First Regiment Armory, 1552 S. Michigan Ave. (1891-1967)
One of Chicago’s many under-appreciated contributions to world history is the birth of the labor movement. The Haymarket Affair, on May 4, 1886, was a demonstration by tens of thousands of workers at Desplaines and Randolph Streets (then called Haymarket Square) in response to a police crackdown after a general strike called on May 1. During the demonstration, a bomb was thrown that resulted in the deaths of seven police officers.
Eight demonstrators—most of them self-described anarchist immigrants-- were convicted of the murders, and seven were sentenced to death. Four were executed in 1887, another committed suicide in prison on the eve of the execution, and the other three were pardoned by Governor John Altgeld in 1893. The general strike of May 1, 1886 and the resulting martyrdom of the convicted strikers is the reason that May 1 is commemorated each year throughout the world as a day to recognize organized labor and its struggles.
Yet in the aftermath of the violence in Haymarket Square, prominent business leaders in Chicago became concerned that they and their families might be targeted with violence. The area with Chicago’s most affluent business leaders in the late 19th Century was Prairie Avenue in the South Loop, home to Marshall Field, George Pullman, Phillip Armour, Potter Palmer, among others, on a stretch of opulent homes known as “Millionaire’s Row.”
Fearing a potentially violent working class uprising, the residents of Prairie Avenue placed political pressure on politicians to construct an armory to protect Chicago’s most prominent businessmen. Daniel Burnham and John Root were commissioned to design the First Regiment Armory at 1552 S. Michigan Avenue, just three blocks from the homes of the most prominent business leaders in Chicago.
The decorative fortress on the northwest corner of 16th and Michigan was constructed between 1889 and 1891, and featured thick stone walls, rounded turrets, and slots for firing rifles in defense of the military troops stationed within. The roof featured skylights that bathed the interior in natural light, a feature similar to Burnham and Root’s Rookery Building in downtown Chicago.

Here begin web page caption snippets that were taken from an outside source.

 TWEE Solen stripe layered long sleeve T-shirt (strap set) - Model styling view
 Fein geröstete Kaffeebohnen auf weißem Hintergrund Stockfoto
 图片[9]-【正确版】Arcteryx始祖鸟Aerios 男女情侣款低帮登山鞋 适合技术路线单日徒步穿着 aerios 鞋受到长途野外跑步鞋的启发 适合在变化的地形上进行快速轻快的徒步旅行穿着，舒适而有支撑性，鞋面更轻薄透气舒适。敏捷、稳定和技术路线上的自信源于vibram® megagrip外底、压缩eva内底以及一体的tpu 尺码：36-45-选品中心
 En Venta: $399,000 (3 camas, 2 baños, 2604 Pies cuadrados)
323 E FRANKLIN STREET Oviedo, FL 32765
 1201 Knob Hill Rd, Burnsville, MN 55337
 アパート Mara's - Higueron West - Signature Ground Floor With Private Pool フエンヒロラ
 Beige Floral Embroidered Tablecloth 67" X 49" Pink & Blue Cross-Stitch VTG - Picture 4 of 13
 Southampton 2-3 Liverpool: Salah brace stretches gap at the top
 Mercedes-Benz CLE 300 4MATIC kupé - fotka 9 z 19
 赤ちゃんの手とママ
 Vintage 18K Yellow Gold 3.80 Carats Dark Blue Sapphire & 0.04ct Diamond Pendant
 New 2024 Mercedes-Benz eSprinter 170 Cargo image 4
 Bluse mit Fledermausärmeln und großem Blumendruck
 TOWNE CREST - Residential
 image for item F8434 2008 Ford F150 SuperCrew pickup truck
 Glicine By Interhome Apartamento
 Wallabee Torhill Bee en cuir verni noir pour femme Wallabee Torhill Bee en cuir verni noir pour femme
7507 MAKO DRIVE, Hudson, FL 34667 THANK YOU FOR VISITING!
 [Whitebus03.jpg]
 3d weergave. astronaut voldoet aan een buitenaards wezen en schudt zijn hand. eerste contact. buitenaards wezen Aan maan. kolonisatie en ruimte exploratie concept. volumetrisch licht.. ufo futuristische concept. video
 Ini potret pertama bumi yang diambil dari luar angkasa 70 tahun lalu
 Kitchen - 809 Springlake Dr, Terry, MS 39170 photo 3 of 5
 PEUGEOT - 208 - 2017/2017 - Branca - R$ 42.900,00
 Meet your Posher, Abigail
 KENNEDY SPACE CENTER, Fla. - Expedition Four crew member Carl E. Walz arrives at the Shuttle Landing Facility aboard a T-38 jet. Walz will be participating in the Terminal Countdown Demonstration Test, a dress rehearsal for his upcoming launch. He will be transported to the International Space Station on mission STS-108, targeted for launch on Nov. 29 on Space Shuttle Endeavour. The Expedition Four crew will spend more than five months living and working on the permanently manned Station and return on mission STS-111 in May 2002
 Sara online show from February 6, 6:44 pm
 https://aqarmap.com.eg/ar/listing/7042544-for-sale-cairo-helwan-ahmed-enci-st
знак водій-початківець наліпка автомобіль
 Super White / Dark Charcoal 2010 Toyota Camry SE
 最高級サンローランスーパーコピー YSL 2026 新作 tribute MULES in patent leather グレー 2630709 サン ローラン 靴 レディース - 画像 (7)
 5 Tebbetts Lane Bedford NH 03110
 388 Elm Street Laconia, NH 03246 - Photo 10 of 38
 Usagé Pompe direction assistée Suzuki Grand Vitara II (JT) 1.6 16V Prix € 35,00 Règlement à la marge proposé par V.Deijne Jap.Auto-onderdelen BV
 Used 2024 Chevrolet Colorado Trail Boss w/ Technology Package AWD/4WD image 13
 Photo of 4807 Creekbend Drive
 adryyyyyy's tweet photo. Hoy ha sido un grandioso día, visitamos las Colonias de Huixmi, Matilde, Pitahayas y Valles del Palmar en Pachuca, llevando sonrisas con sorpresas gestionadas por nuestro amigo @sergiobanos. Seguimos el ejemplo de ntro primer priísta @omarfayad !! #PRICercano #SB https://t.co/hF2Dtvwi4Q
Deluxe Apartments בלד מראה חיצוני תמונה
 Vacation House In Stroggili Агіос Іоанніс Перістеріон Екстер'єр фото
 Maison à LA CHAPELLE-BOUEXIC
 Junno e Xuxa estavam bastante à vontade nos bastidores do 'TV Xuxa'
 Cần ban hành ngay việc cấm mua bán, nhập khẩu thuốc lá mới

Transportation and communication technology advances in the early part of the 20th Century allowed prominent business people to disperse to more comfortable areas, away from the danger and inconveniences in the loud and crowded Prairie Avenue corridor. New bridge technologies at the dawn of the 20th Century made river crossings from the Loop to Chicago's less densely-populated North Side more reliable. New bedroom communities in leafy suburbs like Riverside and Lake Forest were served by commuter railroads. As the wealthy abandoned Prairie Avenue for the North Side, Hyde Park, and the suburbs, a seedy element gradually took over the neighborhood by the 1920s. The Armory, no longer necessary, was turned to other uses—sporting events, car shows, conferences, billboards, and cheap spectacles.
In 1967, just before the anti-war demonstrations at the Democratic National Convention, the First Regiment Armory was demolished. A modern two-story building housing a bank branch occupies the site today.